Effects of Iran war emerge in company earnings, starting with Goldman Sachs.
- The San Juan Daily Star
- 9 hours ago
- 2 min read

By ROB COPELAND
Each quarter, when publicly traded companies report their earnings, they tend to energetically emphasize what’s going well and to glaze over any stumbling blocks.
That will be considerably harder to do this quarter, if the results from Goldman Sachs on Monday are an indication.
Goldman kicked off Wall Street’s parade of first-quarter earnings reports with stern warnings about the impact of the war in Iran.
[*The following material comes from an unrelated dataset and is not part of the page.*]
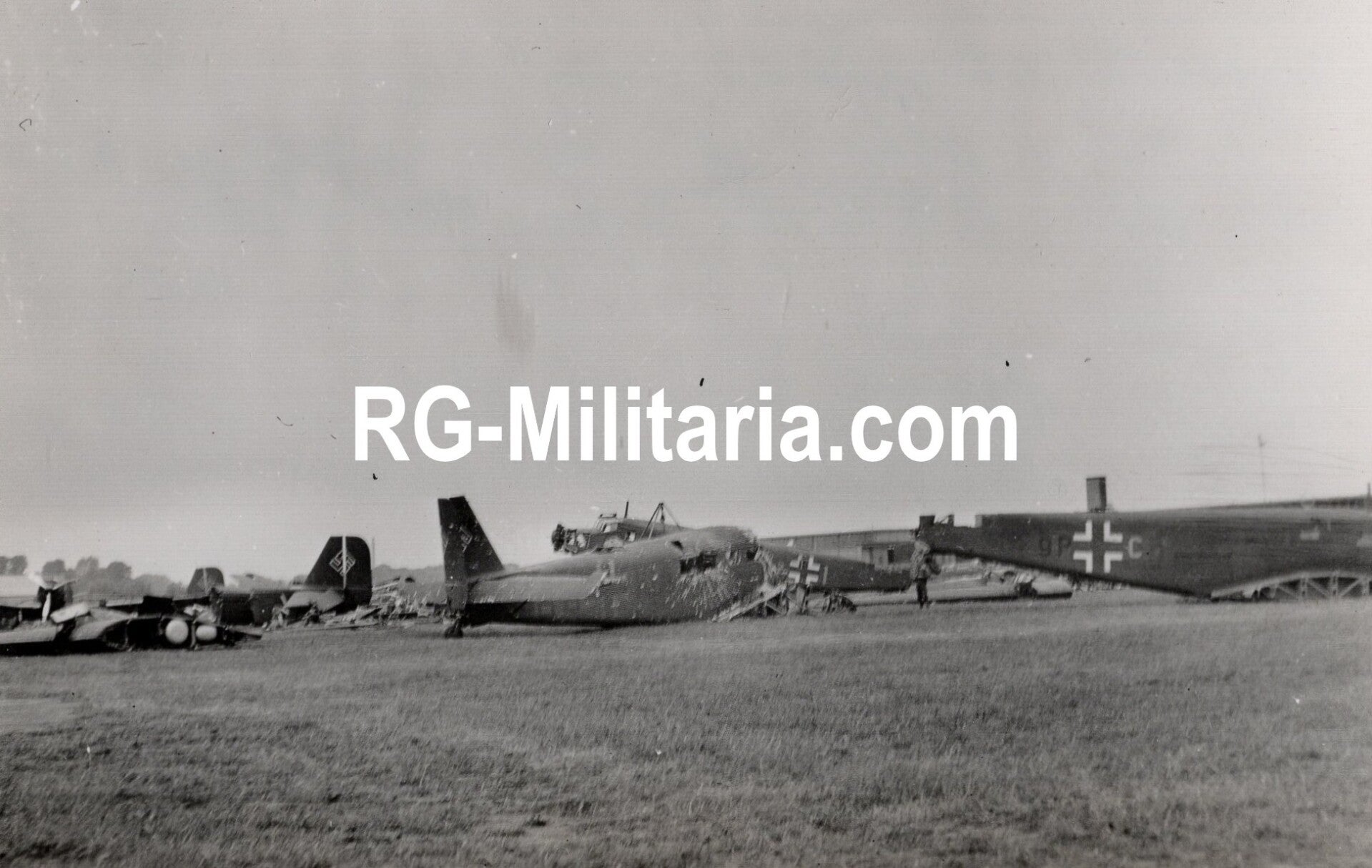 Original WW2 German Photo - Destroyed Junkers Ju 52 airplanes at the Rotterdam airfield, Waalhaven, Holland (1940)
The bank said that in comparison to a few months ago, it detected less enthusiasm from corporate clients for the types of big-money transactions — initial public offerings, mergers and the like — that are the backbone of investment banking.
That meant that although the bank earned a $5.6 billion profit in the first quarter, up roughly 20% from the same period a year earlier, its shares dropped 3%.
David M. Solomon, Goldman’s CEO, told analysts Monday “there’s no question” that the violence in the Middle East was having an effect.
“Certainly,” he went on, “CEOs are looking carefully at how what’s going on — particularly commodity prices — is translating into the economy and into consumer demand.
“If the resolution of the conflict drags, that will probably be a headwind,” he said.
To a certain extent, geopolitical question marks are not necessarily bad for business. Goldman’s trading desks earned billions in additional fees from the heightened volatility in oil and other markets, while hedge funds and other professional investors paid the bank more to borrow money and make complicated, expensive bets on the direction of things to come.
Still, the results from currencies and commodities trading, among other areas, came in short of what had been expected.
Investors have remained relatively optimistic despite the daily whiplash of headlines from the Middle East. Most big public companies continue to post steady profits; year-over-year earnings growth for the companies in the S&P 500 is expected to come in around 13% for the three months ended in March, which would be the sixth consecutive quarter of double-digit growth for the index.
Many more big companies are set to report earnings this week and get quizzed by investors on the effects of the war, including JPMorgan Chase, PepsiCo and Netflix.